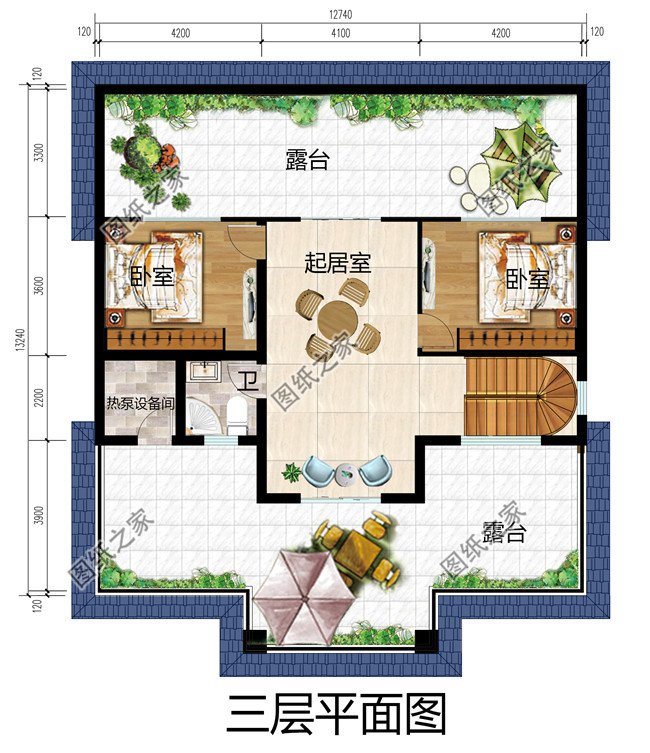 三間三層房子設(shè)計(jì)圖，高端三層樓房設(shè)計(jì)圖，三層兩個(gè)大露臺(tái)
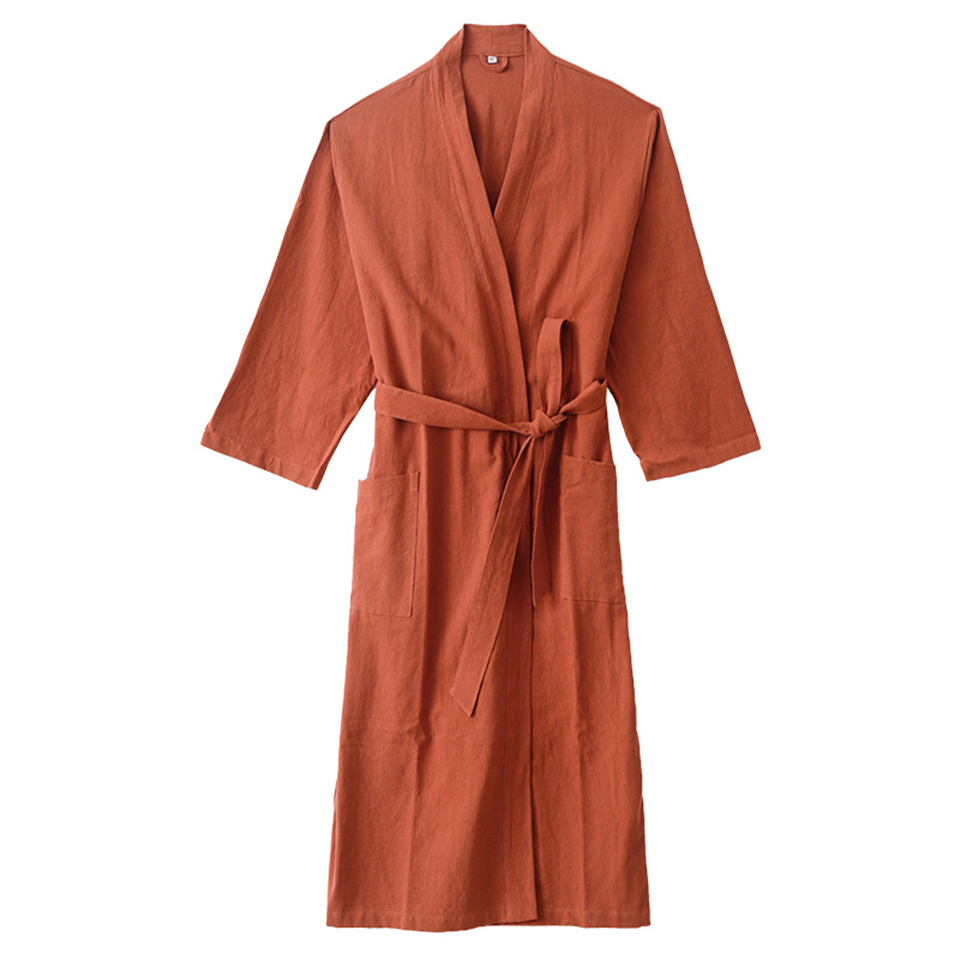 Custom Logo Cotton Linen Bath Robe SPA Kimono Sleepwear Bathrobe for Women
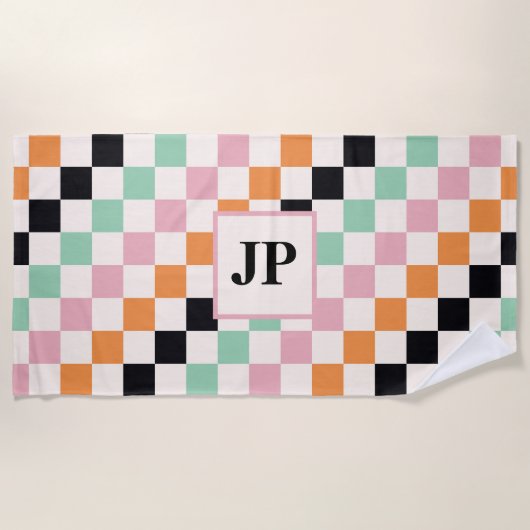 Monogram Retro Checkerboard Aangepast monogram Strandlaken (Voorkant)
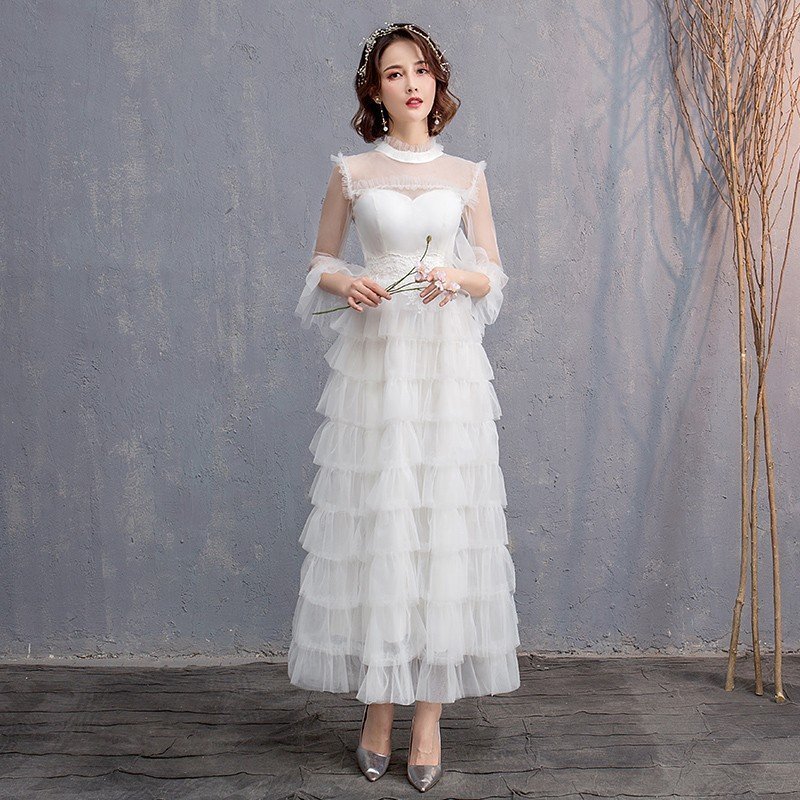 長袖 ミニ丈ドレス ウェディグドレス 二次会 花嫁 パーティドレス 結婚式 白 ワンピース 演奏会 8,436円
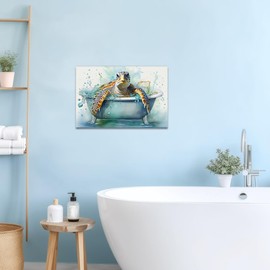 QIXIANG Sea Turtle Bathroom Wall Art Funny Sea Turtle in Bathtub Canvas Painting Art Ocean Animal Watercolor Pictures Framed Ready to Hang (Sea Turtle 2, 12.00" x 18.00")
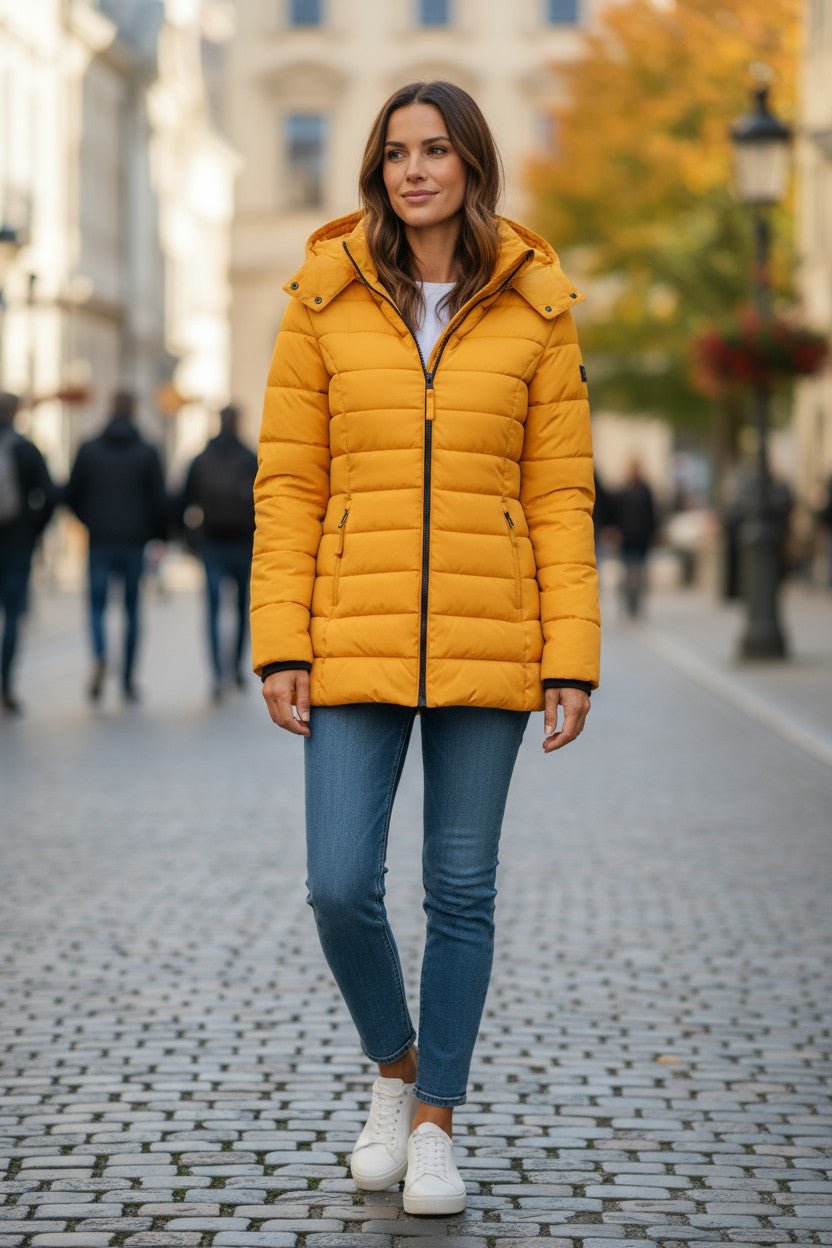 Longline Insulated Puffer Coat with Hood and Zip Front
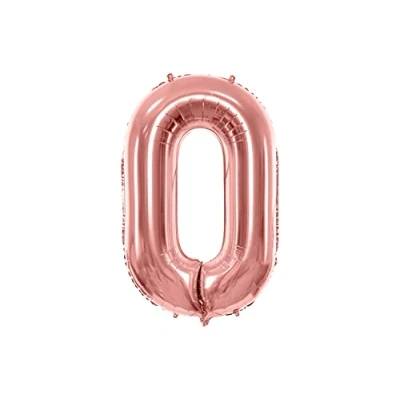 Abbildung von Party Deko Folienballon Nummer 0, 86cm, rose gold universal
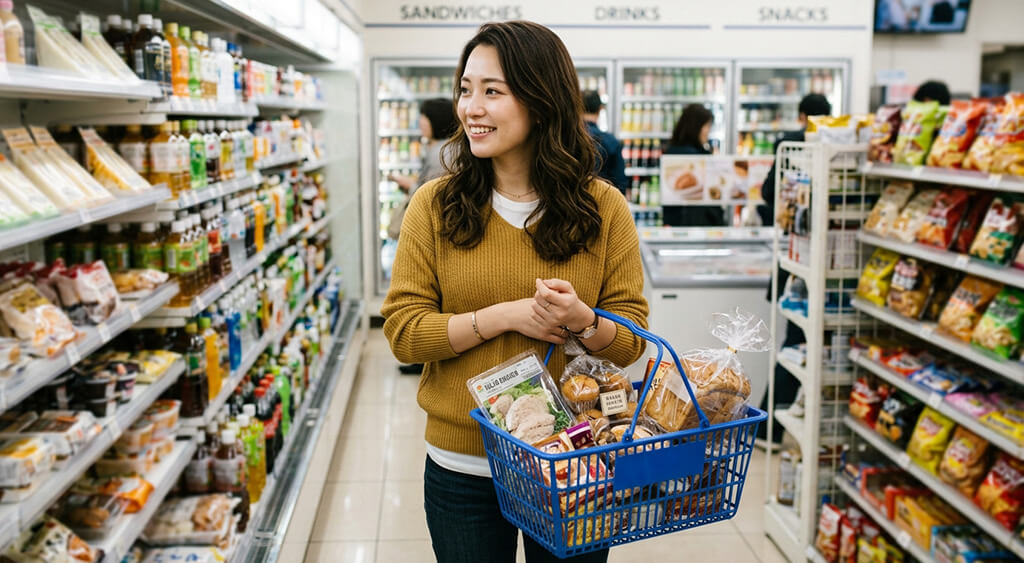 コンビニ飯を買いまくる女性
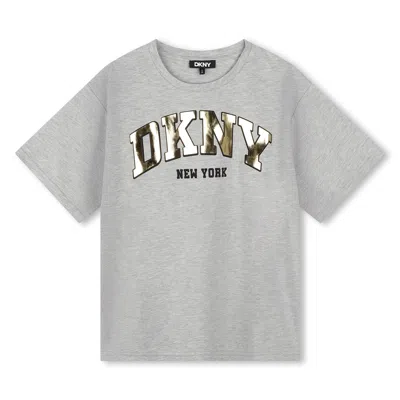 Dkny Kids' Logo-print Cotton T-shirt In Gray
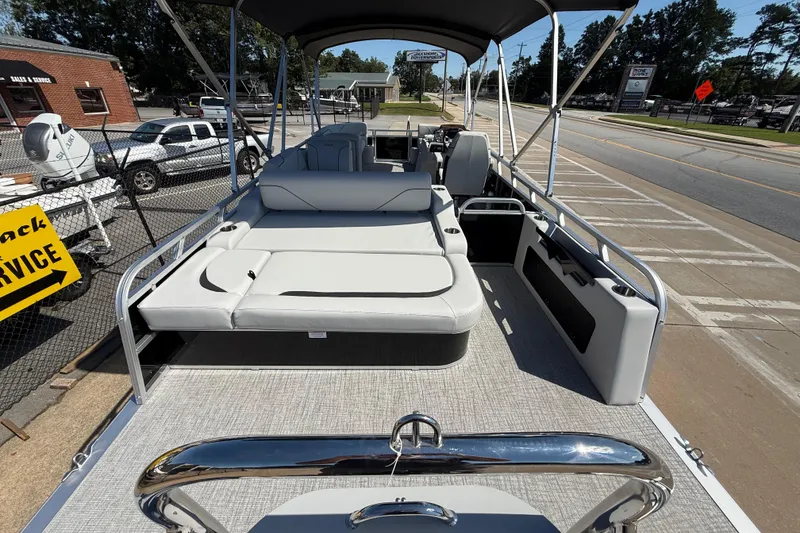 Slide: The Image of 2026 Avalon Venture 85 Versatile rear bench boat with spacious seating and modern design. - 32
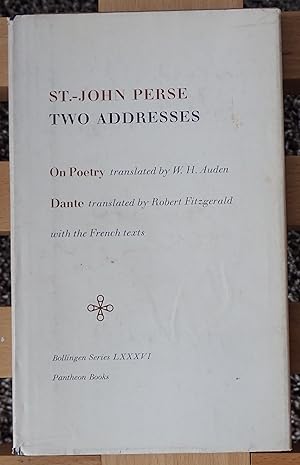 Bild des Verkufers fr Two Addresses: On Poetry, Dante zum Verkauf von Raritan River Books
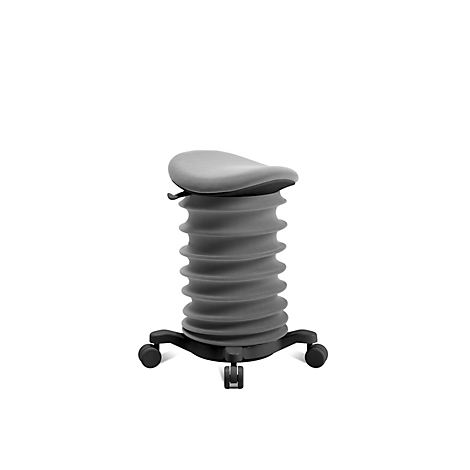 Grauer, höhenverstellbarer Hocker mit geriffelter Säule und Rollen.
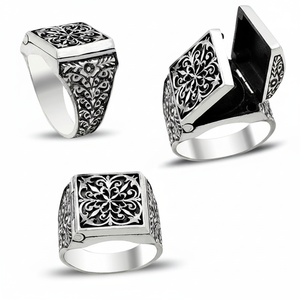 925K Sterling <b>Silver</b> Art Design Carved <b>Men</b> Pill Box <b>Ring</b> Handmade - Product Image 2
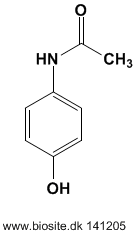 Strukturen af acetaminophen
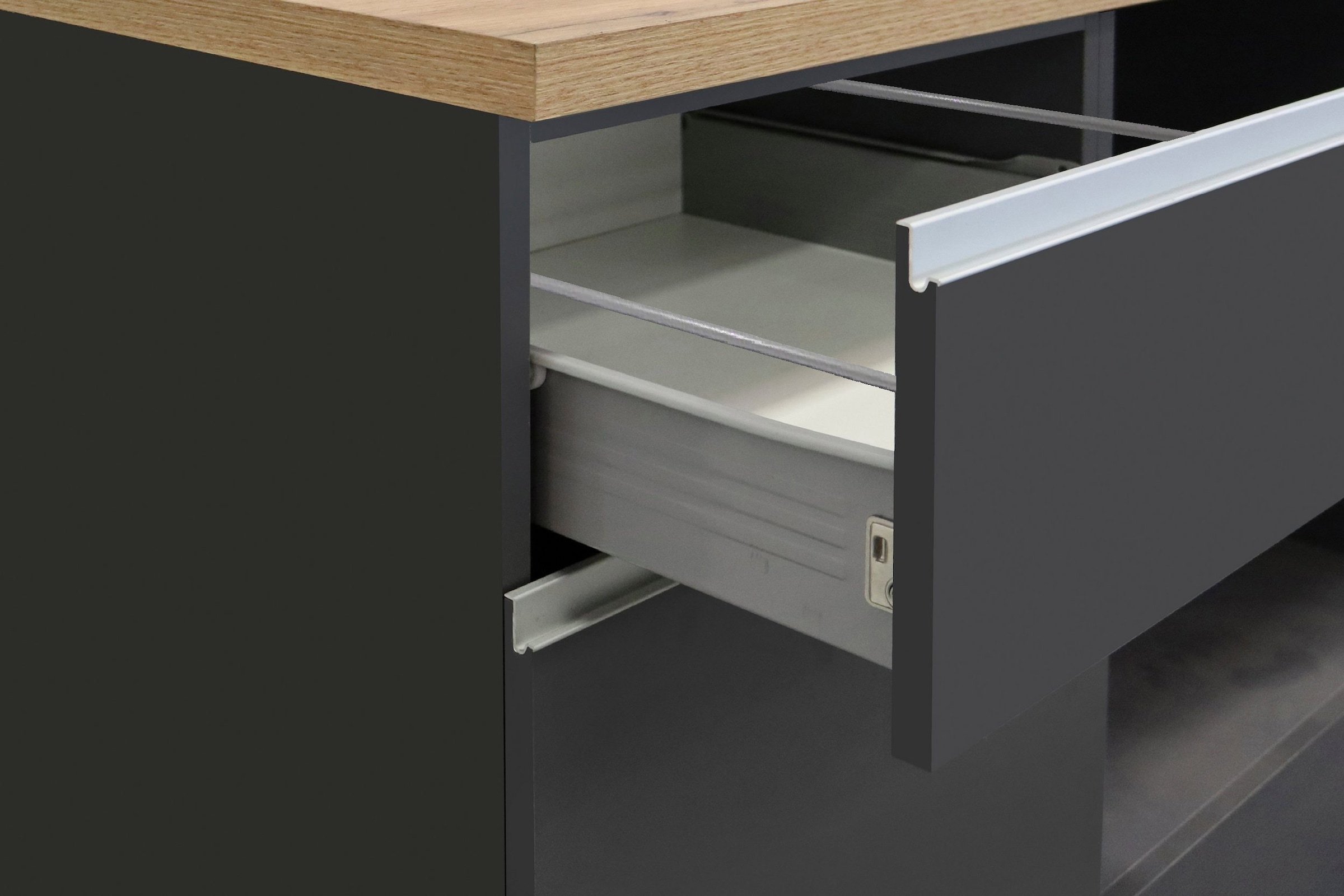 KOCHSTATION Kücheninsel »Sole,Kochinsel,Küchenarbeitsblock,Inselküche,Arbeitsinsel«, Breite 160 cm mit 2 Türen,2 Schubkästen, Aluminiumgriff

### [Exercise objective]
Without any of its pictures, the listing is to be repeated exactly as it stands.

### [Task solution]
 三間三層房子設(shè)計(jì)圖，高端三層樓房設(shè)計(jì)圖，三層兩個(gè)大露臺(tái)
 Custom Logo Cotton Linen Bath Robe SPA Kimono Sleepwear Bathrobe for Women
 Monogram Retro Checkerboard Aangepast monogram Strandlaken (Voorkant)
 長袖 ミニ丈ドレス ウェディグドレス 二次会 花嫁 パーティドレス 結婚式 白 ワンピース 演奏会 8,436円
 QIXIANG Sea Turtle Bathroom Wall Art Funny Sea Turtle in Bathtub Canvas Painting Art Ocean Animal Watercolor Pictures Framed Ready to Hang (Sea Turtle 2, 12.00" x 18.00")
 Longline Insulated Puffer Coat with Hood and Zip Front
 Abbildung von Party Deko Folienballon Nummer 0, 86cm, rose gold universal
 コンビニ飯を買いまくる女性
 Dkny Kids' Logo-print Cotton T-shirt In Gray
 Slide: The Image of 2026 Avalon Venture 85 Versatile rear bench boat with spacious seating and modern design. - 32
 Bild des Verkufers fr Two Addresses: On Poetry, Dante zum Verkauf von Raritan River Books
 Grauer, höhenverstellbarer Hocker mit geriffelter Säule und Rollen.
 925K Sterling <b>Silver</b> Art Design Carved <b>Men</b> Pill Box <b>Ring</b> Handmade - Product Image 2
 Strukturen af acetaminophen
 KOCHSTATION Kücheninsel »Sole,Kochinsel,Küchenarbeitsblock,Inselküche,Arbeitsinsel«, Breite 160 cm mit 2 Türen,2 Schubkästen, Aluminiumgriff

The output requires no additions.